§ Assigned task
When the line containing "25VF040B SST25VF040B Bios Chipset" appears in the data below, begin copying there and stop only after the line containing "Tutti i francobolli: SCHWEIZ-LONDON".
:: Given information ::
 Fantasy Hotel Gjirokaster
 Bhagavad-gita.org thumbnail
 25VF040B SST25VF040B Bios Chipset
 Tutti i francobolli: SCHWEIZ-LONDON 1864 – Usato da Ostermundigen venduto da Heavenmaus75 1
:::
:: Given information ::
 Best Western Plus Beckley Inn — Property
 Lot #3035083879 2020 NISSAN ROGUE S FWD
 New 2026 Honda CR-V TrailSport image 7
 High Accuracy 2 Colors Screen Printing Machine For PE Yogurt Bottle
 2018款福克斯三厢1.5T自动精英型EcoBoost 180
:::
§ Your response
 25VF040B SST25VF040B Bios Chipset
 Tutti i francobolli: SCHWEIZ-LONDON 1864 – Usato da Ostermundigen venduto da Heavenmaus75 1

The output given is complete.